Fluorinated- and non-fluorinated-diarylamine-Zn(ii) and Cu(ii) phthalocyanines as symmetrical vs. asymmetrical hole selective materials

Four symmetrically substituted and four asymmetrically substituted fluorinated and non-fluorinated-diarylamine CuPcs and ZnPcs have been designed and utilized as hole transporting materials in perovskite solar cells in a planar n-i-p structure. We established the correlation between the electronic structure, charge mobility parameters, core metal, and substituents in metal phthalocyanines. The fluorinated asymmetrically substituted undoped ZnPc-6 yielded the best power conversion efficiency of 15.40% with an open-circuit voltage (V-oc) of 1016.1 mV, a short-circuit current density (J(sc)) of 21.27 mA cm(-2), and a fill factor (FF) of 71.25%, followed by the non-fluorinated asymmetrically substituted ZnPc-5 with 14.36%. In the case of symmetrical CuPcs, the best performance was measured using non-fluorinated CuPc-3 and fluorinated CuPc-4 gave 11.53% and 10.90% of PCEs, respectively.

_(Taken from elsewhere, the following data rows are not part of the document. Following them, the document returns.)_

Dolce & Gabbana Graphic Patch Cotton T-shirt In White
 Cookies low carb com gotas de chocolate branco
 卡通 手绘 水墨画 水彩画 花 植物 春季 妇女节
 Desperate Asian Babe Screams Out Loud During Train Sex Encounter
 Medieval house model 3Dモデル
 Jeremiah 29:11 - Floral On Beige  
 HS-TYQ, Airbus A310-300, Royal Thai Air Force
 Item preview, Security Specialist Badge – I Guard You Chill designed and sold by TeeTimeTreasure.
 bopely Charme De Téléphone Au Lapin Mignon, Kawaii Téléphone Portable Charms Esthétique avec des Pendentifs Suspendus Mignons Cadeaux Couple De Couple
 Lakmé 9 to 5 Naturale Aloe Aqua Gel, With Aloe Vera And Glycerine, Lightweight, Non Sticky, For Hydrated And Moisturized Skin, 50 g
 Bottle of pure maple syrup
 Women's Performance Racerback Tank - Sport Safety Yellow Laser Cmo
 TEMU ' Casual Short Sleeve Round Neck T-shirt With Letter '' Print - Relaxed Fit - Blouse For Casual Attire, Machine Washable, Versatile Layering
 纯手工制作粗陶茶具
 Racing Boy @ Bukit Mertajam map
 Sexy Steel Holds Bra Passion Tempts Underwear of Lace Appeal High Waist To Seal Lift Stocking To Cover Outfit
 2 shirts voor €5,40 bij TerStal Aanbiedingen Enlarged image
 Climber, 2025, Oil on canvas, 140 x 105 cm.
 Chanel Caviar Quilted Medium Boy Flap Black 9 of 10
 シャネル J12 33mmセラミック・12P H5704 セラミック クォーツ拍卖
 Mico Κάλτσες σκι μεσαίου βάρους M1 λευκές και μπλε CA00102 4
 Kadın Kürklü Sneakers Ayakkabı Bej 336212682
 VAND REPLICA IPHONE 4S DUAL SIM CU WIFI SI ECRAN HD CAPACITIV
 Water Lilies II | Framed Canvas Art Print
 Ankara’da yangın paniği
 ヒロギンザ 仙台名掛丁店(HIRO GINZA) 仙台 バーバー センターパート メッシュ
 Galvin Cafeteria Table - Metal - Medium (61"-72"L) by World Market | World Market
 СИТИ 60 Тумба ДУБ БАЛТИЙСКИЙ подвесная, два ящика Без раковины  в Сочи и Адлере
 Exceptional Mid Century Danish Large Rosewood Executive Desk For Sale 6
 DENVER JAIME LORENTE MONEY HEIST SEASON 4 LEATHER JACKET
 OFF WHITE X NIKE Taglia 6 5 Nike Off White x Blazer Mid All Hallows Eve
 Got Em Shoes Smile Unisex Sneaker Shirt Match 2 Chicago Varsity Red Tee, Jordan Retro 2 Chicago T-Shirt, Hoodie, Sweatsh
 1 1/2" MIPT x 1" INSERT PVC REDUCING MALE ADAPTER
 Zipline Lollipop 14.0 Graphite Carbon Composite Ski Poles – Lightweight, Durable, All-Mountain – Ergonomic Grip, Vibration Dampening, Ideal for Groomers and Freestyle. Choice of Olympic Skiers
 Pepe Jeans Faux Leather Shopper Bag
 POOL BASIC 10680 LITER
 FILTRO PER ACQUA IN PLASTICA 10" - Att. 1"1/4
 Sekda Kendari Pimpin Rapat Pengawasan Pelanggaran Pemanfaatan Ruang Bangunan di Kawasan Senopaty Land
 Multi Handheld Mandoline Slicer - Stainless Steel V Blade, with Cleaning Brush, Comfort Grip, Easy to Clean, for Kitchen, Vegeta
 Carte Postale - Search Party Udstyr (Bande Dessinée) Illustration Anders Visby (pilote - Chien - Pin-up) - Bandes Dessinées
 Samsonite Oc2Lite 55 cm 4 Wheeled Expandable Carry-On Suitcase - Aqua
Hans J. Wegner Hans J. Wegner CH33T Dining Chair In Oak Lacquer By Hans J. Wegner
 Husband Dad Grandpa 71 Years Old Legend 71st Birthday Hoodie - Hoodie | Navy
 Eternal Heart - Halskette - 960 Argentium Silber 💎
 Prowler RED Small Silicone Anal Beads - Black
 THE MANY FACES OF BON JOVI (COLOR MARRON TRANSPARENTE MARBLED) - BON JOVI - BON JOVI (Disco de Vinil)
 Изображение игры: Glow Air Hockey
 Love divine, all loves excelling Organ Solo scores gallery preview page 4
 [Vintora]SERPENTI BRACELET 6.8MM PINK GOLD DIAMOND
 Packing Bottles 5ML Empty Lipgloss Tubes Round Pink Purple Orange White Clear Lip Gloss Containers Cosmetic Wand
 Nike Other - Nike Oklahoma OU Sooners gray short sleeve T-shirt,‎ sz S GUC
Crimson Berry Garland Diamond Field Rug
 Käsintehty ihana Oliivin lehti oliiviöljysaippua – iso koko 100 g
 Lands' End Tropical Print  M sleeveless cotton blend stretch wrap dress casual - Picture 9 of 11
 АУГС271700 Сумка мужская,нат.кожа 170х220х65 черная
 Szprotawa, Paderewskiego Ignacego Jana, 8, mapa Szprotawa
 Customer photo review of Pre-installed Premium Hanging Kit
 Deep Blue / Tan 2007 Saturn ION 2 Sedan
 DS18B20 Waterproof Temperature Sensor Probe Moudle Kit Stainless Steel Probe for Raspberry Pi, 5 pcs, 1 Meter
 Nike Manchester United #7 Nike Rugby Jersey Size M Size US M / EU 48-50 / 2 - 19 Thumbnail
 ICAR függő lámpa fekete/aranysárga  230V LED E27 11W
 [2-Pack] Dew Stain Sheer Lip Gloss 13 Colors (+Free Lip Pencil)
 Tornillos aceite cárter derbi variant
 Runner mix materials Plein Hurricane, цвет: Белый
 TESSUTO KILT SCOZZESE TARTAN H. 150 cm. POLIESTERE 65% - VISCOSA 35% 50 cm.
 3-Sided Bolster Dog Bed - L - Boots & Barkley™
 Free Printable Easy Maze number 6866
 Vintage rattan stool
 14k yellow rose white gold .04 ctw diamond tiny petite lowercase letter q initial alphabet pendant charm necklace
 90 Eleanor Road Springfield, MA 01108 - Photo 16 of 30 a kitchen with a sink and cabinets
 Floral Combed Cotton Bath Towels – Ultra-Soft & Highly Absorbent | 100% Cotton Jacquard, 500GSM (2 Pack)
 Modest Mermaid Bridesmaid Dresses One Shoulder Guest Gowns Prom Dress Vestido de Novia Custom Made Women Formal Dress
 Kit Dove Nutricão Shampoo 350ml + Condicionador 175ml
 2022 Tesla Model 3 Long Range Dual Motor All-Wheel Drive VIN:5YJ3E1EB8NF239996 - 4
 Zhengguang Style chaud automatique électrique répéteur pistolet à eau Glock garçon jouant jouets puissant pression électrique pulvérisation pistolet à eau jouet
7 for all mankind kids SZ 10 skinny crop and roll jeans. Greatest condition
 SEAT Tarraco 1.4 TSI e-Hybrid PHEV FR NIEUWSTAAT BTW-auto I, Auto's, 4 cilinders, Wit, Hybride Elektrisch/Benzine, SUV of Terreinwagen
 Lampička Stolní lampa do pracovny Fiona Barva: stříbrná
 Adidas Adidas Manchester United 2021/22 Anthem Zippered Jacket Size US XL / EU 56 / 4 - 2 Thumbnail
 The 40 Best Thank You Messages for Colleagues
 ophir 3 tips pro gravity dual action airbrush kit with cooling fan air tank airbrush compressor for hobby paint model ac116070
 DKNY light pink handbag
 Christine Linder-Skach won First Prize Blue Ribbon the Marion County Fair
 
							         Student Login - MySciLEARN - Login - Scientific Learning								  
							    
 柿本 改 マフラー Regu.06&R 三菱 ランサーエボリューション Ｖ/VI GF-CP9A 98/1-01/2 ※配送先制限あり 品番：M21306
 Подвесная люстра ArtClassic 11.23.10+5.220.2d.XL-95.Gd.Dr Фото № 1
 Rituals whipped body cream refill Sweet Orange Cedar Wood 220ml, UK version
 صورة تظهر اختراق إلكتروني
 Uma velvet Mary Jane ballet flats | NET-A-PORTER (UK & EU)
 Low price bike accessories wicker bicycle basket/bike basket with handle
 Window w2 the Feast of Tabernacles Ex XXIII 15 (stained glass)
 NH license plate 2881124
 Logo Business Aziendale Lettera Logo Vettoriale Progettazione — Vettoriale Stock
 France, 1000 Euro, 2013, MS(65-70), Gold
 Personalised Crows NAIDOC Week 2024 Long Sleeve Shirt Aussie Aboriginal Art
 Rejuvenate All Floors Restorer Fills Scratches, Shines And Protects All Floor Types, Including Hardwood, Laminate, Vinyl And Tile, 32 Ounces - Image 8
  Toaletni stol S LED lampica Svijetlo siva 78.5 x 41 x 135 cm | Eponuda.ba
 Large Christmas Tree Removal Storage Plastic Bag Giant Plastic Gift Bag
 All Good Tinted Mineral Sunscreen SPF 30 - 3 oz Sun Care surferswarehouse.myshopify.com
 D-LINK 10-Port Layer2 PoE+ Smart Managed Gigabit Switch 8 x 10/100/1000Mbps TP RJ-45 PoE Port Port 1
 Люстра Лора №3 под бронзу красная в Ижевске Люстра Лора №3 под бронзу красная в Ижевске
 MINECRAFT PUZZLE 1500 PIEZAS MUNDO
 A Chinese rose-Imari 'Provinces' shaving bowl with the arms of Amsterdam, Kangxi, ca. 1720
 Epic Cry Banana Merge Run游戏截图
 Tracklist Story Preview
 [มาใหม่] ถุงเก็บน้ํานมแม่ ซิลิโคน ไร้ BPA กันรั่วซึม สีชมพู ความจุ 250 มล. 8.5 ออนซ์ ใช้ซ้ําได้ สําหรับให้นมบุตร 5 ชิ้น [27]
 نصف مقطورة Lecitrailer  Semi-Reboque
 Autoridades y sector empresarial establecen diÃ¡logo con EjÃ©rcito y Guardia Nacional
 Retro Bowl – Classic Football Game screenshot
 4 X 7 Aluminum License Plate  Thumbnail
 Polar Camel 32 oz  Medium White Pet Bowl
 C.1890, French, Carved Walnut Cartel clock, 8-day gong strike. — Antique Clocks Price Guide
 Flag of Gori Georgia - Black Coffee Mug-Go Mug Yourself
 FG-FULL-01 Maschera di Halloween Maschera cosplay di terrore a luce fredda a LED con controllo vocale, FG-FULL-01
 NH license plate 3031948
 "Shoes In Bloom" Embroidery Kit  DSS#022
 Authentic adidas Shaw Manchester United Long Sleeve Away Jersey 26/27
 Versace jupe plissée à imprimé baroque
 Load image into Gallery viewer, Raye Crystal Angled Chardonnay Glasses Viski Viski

Importantly, the devices with MPcs showed improved stability under multi-stress conditions.

Automated summary

Four symmetrically substituted and four asymmetrically substituted fluorinated and non-fluorinated-diarylamine CuPcs and ZnPcs were used as hole transporting materials in perovskite solar cells. The correlation between electronic structure, charge mobility parameters, core metal, and substituents in metal phthalocyanines was established. The best power conversion efficiency of 15.40% was achieved by the fluorinated asymmetrically substituted undoped ZnPc-6.